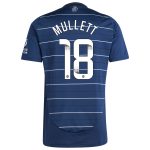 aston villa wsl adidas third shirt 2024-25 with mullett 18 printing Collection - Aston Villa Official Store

* * *

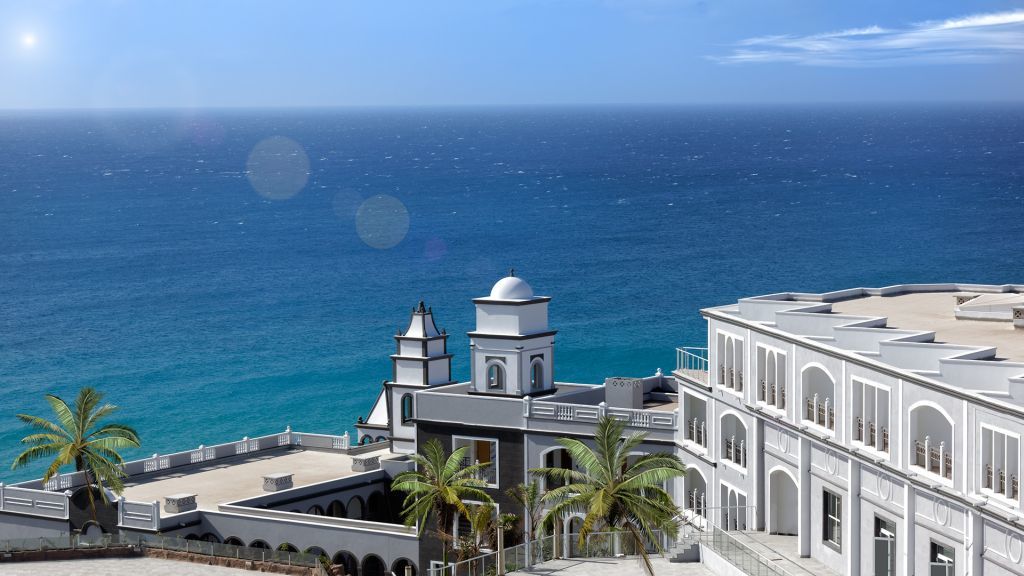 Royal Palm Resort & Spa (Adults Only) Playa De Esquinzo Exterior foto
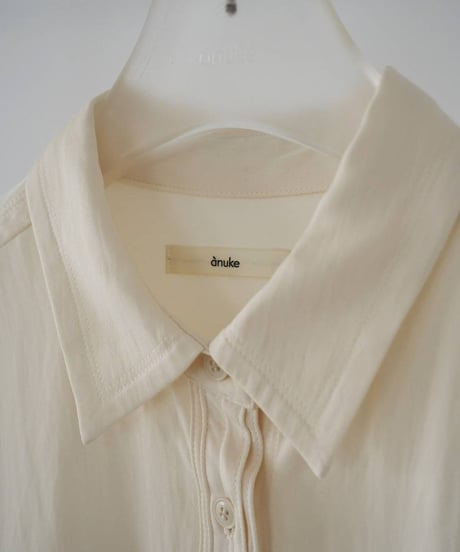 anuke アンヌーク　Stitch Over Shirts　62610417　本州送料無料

--

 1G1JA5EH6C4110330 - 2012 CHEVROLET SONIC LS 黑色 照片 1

◆ **What the task asks**:
From the records above, copy exactly the stretch from the line holding "Royal Palm Resort" through the line holding "anuke アンヌーク　Stitch Over", both ends included, without the pictures.

◆ **Task output**:
 Royal Palm Resort & Spa (Adults Only) Playa De Esquinzo Exterior foto
 anuke アンヌーク　Stitch Over Shirts　62610417　本州送料無料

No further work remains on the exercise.